Our approach to portfolio management centers solely on the client’s objectives and constraints. Three ongoing steps define our portfolio management process: Planning, Execution, and Review. In the planning phase we complete a situational profile which gathers information on client assets, liabilities, cash flow, return and risk objectives, taxes, time horizon, liquidity needs, legal and regulatory, and any other unique circumstances.
From the information in the situational profile we can assist clients in making projections regarding their financial goals, like retirement and educational funding, and we can conduct sophisticated “stress tests” like Monte Carlo simulation which factor in the variability of returns and provides ranges and probabilities of results.
Next, we draft an Investment Policy Statement (IPS) which defines the client return and risk objectives and constraints and lays the foundation for building the portfolio. In the IPS, we define the allocations and ranges to strategic asset classes that we believe are appropriate based on the client objectives. These allocations serve as the basis to which we rebalance the portfolio in the execution stage when capital market returns cause them to deviate above or below target ranges or when positions are “called away” by covered options positions.
After the client agrees on the IPS we then begin to build and manage the portfolio. Since we are not a broker-dealer firm we do not custody client assets. Instead, we use a third party broker/custodian to hold client assets and execute trades. Currently, the majority of the accounts we manage are held at TD Ameritrade Institutional. As an independent firm that is not a broker-dealer, clients have the added security that the people managing their money are not the same as those providing custody services.

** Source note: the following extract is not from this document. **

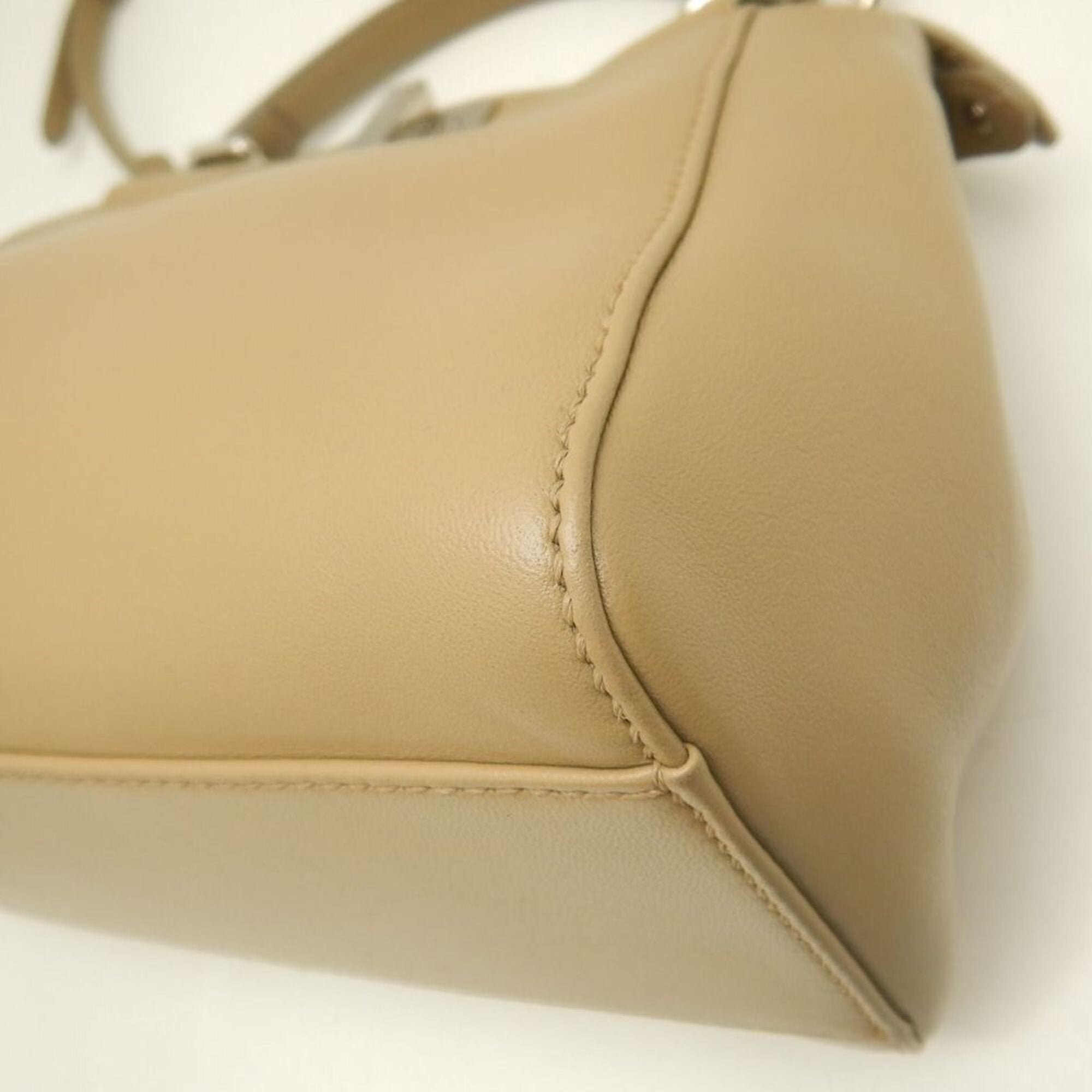 Fendi Beige Leather Handbag (Pre-Owned)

We are often referred to as a “separate account manager” because we don’t pool our clients’ money together like a hedge fund or a mutual fund company. The client’s assets are held in a separate account—whether it is an IRA, individual, or trust account—and clients simply grant us a limited power of attorney enabling us to place trades in their account, submit our quarterly management fee billings to the custodian, and electronically disburse money to their accounts outside of the Custodian.

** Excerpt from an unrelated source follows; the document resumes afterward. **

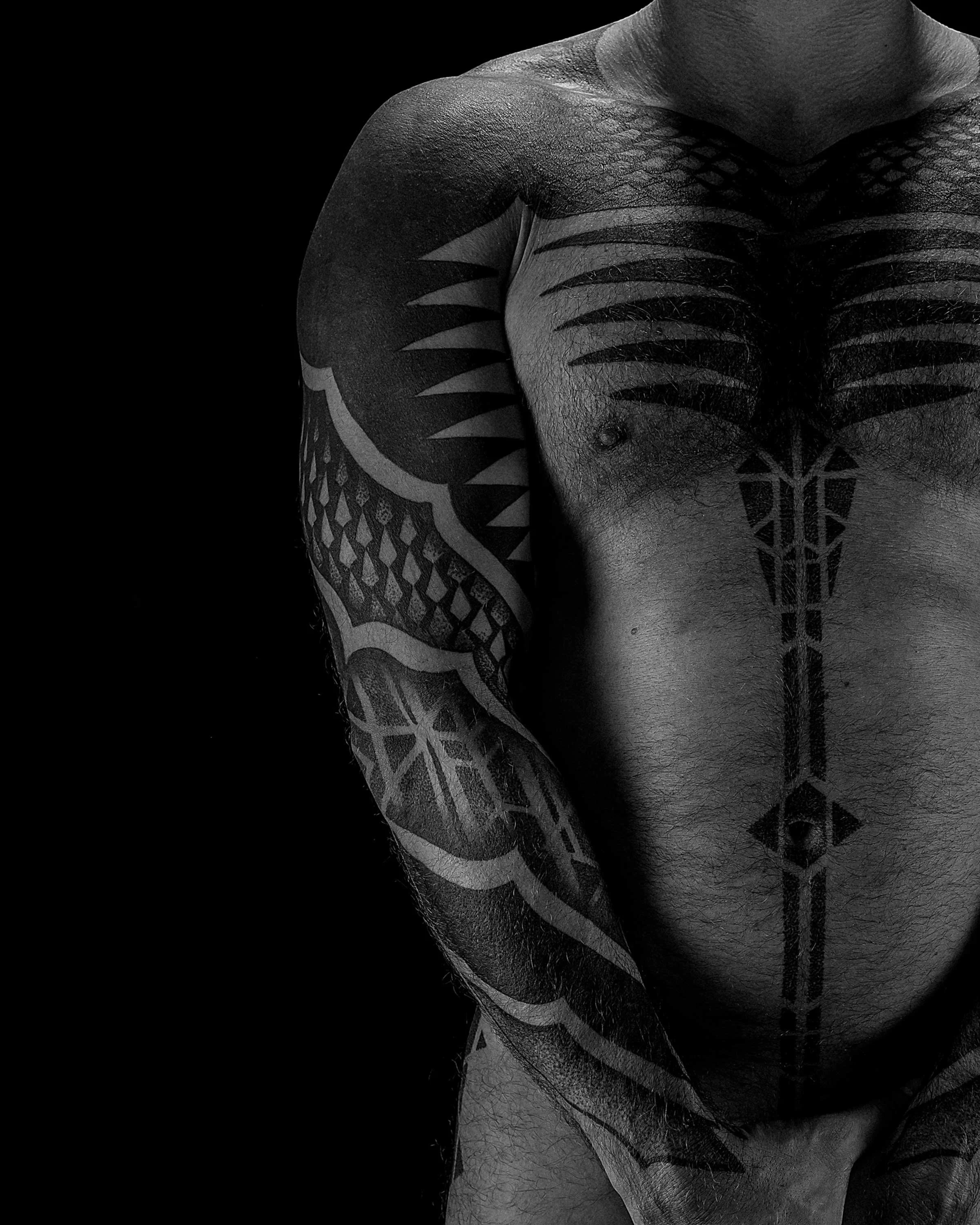cover-up-shoulder-chest-sleeve-blackwork-tattoo-patrick-huettlinger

As a separate account manager it is convenient for us to use one broker-dealer as custodian for our clients’ assets. Through the broker we are able to block trade, place one order for execution of a particular security, average price it, and allocate it among multiple client accounts. We chose TD Ameritrade Institutional for its size and financially strong position, technology, cost, and trade execution services. However, we do evaluate other brokerage firms periodically and would not hesitate to use another broker if we felt it were advantageous to the client.
To assist in monitoring progress toward financial objectives we provide a quarterly reporting service. Clients are able to see the performance of their accounts and asset classes relative to other capital markets indexes and see portfolio changes from the previous quarter. At the end of each year, we also provide tax reports for all of our taxable accounts to assist in tax preparation.
We meet personally with most of our clients based on their individual needs. Some clients feel more comfortable with quarterly face-to-face meetings while others only require an annual meeting. Others are comfortable with only occasional phone conferences. We do strongly recommend, however, that we meet with clients when they experience changes in their financial situation that require changes in their overall investment policy. Examples that would require amendment of the IPS include a death in the family, inheritance, or loss of a job. These are life experiences that require us to re-enter the planning phase of our process.